In this post: yet another code-deduplication trick with trade-offs regarding readability and documentation generation. Make of it what you will.

Many useful operations can be derived in terms of indexing functions:

module type Indexable1 = sig
  type 'a t

  val get    : 'a t -> int -> 'a
  val length : _ t -> int
end

module Foldable_of_indexable1 (I : Indexable1) : sig
  open I

  val iter      :        ('a -> unit) -> 'a t -> unit
  val iteri     : (int -> 'a -> bool) -> 'a t -> unit
  val fold_left : ('acc -> 'a -> 'acc) -> 'acc -> 'a t -> 'acc
  val exists    : ('a -> bool) -> 'a t -> bool
  val for_all   : ('a -> bool) -> 'a t -> bool
  val is_empty  : _ t -> bool
  (* ... *)
end

For many types, including array, the get-based definitions are identical to their hand-optimised equivalents (modulo functor application). We can imagine avoiding a lot of standard-library boilerplate – and potential for API inconsistency – by using many such functors 1. We'd end up defining exactly one iter function that suffices for all Indexable types:

let iter f t =
  for i = 0 to length t - 1 do
    f (get t i)
  done

All good so far. Now we reflect on the fact that string values are indexable containers of char values. Indeed, our definition of iter is exactly equal to the one in Stdlib.String.iter. Unfortunately, our Indexable1 module type can only describe parametric containers:

module _ : Indexable1 with type 'a t := string = Stdlib.String
Error: Signature mismatch:
       ...
       Values do not match:
         val get : t -> int -> char
       is not included in
         val get : t -> int -> 'a
       File "string.mli", line 52, characters 0-57: Actual declaration

The problem is that it's impossible to tell the type system something like

'a t = string \quad implies \quad 'a = char

as part of our substitution. Roughly speaking, this means that any indexable type with unboxed elements can't benefit from our Foldable_of_iterable1 definitions, even if their own definitions would be identical! Strings, bytes, unboxed arrays and unboxed vectors all suffer from this problem.

A bad solution

As ever, we could solve the problem with copy-paste: a new Indexable0 module type for non-parametric containers, and a new functor Foldable_of_indexable0 with exactly the same implementations as our previous one.
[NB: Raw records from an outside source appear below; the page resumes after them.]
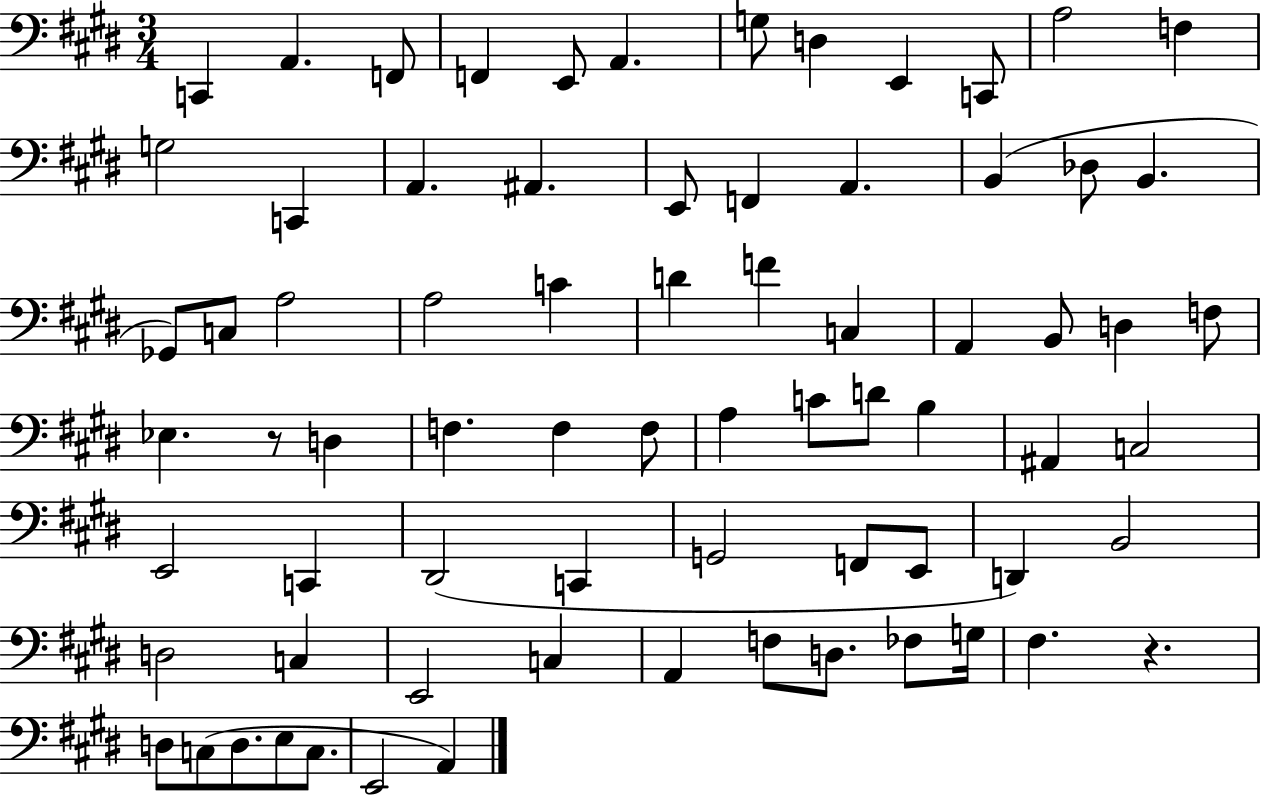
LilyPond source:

{
  \clef bass
  \numericTimeSignature
  \time 3/4
  \key e \major
  c,4 a,4. f,8 | f,4 e,8 a,4. | g8 d4 e,4 c,8 | a2 f4 | \break g2 c,4 | a,4. ais,4. | e,8 f,4 a,4. | b,4( des8 b,4. | \break ges,8) c8 a2 | a2 c'4 | d'4 f'4 c4 | a,4 b,8 d4 f8 | \break ees4. r8 d4 | f4. f4 f8 | a4 c'8 d'8 b4 | ais,4 c2 | \break e,2 c,4 | dis,2( c,4 | g,2 f,8 e,8 | d,4) b,2 | \break d2 c4 | e,2 c4 | a,4 f8 d8. fes8 g16 | fis4. r4. | \break d8 c8( d8. e8 c8. | e,2 a,4) | \bar "|."
}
(* Non-parametric indexable types *)
module type Indexable0 = sig
  type t
  type elt

  val get    : t -> int -> elt
  val length : t -> int
end

module Foldable_of_indexable0 (I : Indexable0) : sig
  open I

  (* All with the same implementation as before... *)
  val iter      :        (elt -> unit) -> t -> unit
  val iteri     : (int -> elt -> bool) -> t -> unit
  val fold_left : ('acc -> elt -> 'acc) -> 'acc -> t -> 'acc
  val exists    : (elt -> bool) -> t -> bool
  val for_all   : (elt -> bool) -> t -> bool
  val is_empty  : t -> bool
  (* ... *)
end

This definition suffers from the dual problem when we try to apply it to parameterised containers like 'a array:

module _ : Indexable0 with type t := 'a array = Stdlib.Array
Error: The type variable 'a is unbound in this type declaration.

This time, we wanted to be able to say something like

elt = 'a \quad implies \quad t = 'a array \quad (where 'a is universally quantified),

which is even less meaningful than our previous attempt since now we're expecting substitution to introduce new equalities and quantifications. We really do need both Indexable0 and Indexable1 with this approach.

A better (?) solution

Interestingly, it's possible to generalise Indexable0 and Indexable1 with another layer of indirection by making elt a type operator:

module type IndexableN = sig
  type 'a t
  type 'a elt

  val get    : 'a t -> int -> 'a elt
  val length : _ t -> int
end

elt carries the type equalities needed for the Indexable1 case, without forbidding the non-parametric implementation needed for the Indexable0 case. Arrays can set 'a elt = 'a, and strings can set 'a elt = char. Indeed, we can do this in the general case:

(** [Indexable0] is a special-case of [IndexableN] *)
module Indexable0_to_N = functor
  (T : Indexable0) ->
  (T : IndexableN with type 'a t := T.t and type 'a elt := elt)

(** [Indexable1] is a special-case of [IndexableN] *)
module Indexable1_to_N = functor
  (T : Indexable1) ->
  (T : IndexableN with type 'a t := 'a T.t and type 'a elt := 'a)

Now we can define a single Foldable_of_indexableN functor (with exactly the same implementations as before), and it will work for polymorphic and monomorphic containers. Neat!

What did it cost?

At time of writing, this trick has a cost in documentation complexity: Odoc doesn't inline the type substitutions introduced by our IndexableX_to_N functors, so the documentation for our Array and String modules will appear more general than necessary. The new Odoc model fixes this issue with better support for type substitutions, meaning that such trickery doesn't need to impact your users.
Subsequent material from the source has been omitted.